This thread has been locked.

If you have a related question, please click the "Ask a related question" button in the top right corner. The newly created question will be automatically linked to this question.

CC2652R: High packet loss on Zigbee devices routed through other devices

Part Number: CC2652R
Other Parts Discussed in Thread: CC2530, Z-STACK, , SIMPLELINK-CC13XX-CC26XX-SDK

Hi, I'm seeing some weird behavior on my Zigbee mesh. I have a mesh with several different generations of our IoT product line. The coordinator is based on a CC2530 and there are routers on the mesh based on both the CC2530 and CC2652.

I have a handful of CC2652 units that are seeing significant packet loss, in the neighborhood of 25% or so. I've been using Wireshark to sniff the network and I've found that the problematic units all seem to be routing to the coordinator through other intermediate devices, which of course is quite proper for a mesh network. In the sniffer, I can see the problem devices send out packets and in the normal case, I can see the intermediate device repeat the packet, sending it to the coordinator. When we see packet loss, I can still see the initial packet go out but the intermediate device never repeats it and the coordinator never sees it.
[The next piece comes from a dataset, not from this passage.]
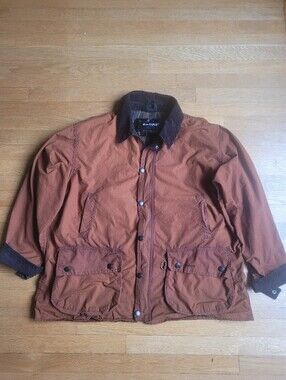 Barbour Rare Vtg Fountainbleu Wax Cotton Jacket C50 127cm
The screenshot below is a Wireshark capture of a normal sequence. The first packet in the capture, packet number 2097, is coming from the device with address 00:12:4b:00:25:cb:6f:cc. This device has been assigned a short MAC of bba4. The initial packet gets the 802.15.4 Ack response. Next, in packet number 2099, the intermediate routing device with address 00:12:4b:00:25:cb:6f:a5 repeats the packet, sending it on to the coordinator.
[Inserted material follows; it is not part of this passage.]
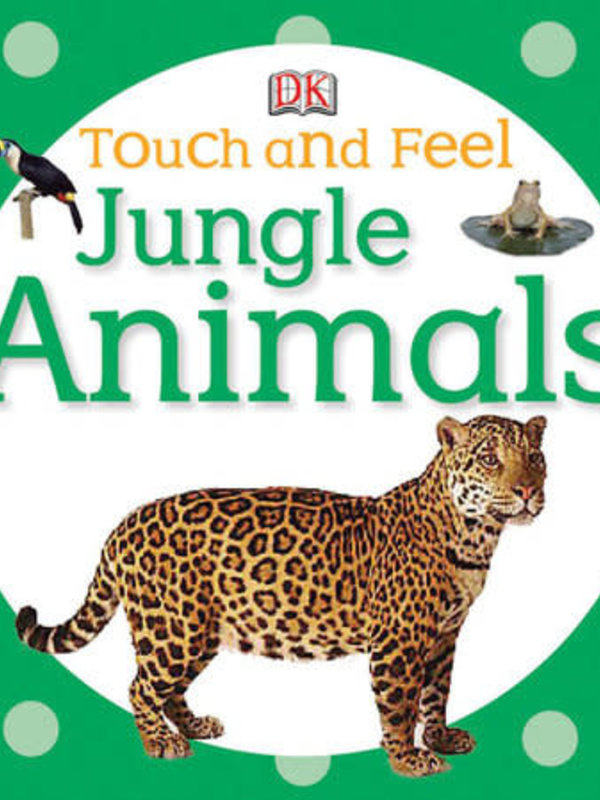 DK Touch and Feel Jungle Animals Board Book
This next screenshot is a case where we see packet loss. Device 25:cb:6f:cc is sending out its packet and gets Ack'ed. The intermediate routing device never forwards it on though and the coordinator never reports seeing it. The next packet the sniffer sees is some time later and is a Link Status packet from a completely unrelated device.

I don't believe that this is a case of packets are getting lost on the radio. The units experiencing packet loss are physically in very close proximity to other devices that are seeing 0% packet loss.

When the problematic devices are put on a mesh where they are not routed through an intermediate device, the same devices see very, very low levels of packet loss.

I've got a current working hypothesis with very little hard evidence to back it up. Based solely on the RSSI values of the 802.15.4 Ack packets, I suspect that when we see packet loss it's the coordinator that is sending the Ack to the initial packet and not the intermediate routing device. I haven't got the visibility into the depths of the Zigbee stack to say if this is possible or not. I'll admit, I am leaping to that conclusion with very flimsy evidence.  Is there any way in Wireshark to see which device is sending the 802.15.4 Ack?

Any thoughts on what may be going on are appreciated. Please let me know if there is any other information that would help.

Regards,
Grant China
WattIQ, Inc.

  • Hi Grant,

    Are the intermediary devices CC2530s or CC2652Rs, and are there any ZEDs or are these all ZRs?  What is the NWK destination of the device as compared to the MAC destination?  You can select the packet in Wireshark to learn more about it's origin and intent.  Please provide the sniffer log and exact packet numbers in question for a more detailed review.  Also note that SimpleLink CC13XX / CC26XX Z-Stack devices are tested for large network stability quarterly.  Some recommendations are provided in SWRA650.  I'd also recommend adopting a different ZC as the CC2530 has significant RAM limitations, and it's Z-Stack solution has not been updated for several years (unlike the CC2652R).

    Regards,
    Ryan

  • Hi Ryan, thanks for the response. The mesh is a good mix of CC2652Rs and CC2530s but for the particular CC2652R ZR that I'm looking at in the examples below, that ZR is being routed through a CC2530 ZR. Aside from the ZC, all the devices on the mesh are ZRs.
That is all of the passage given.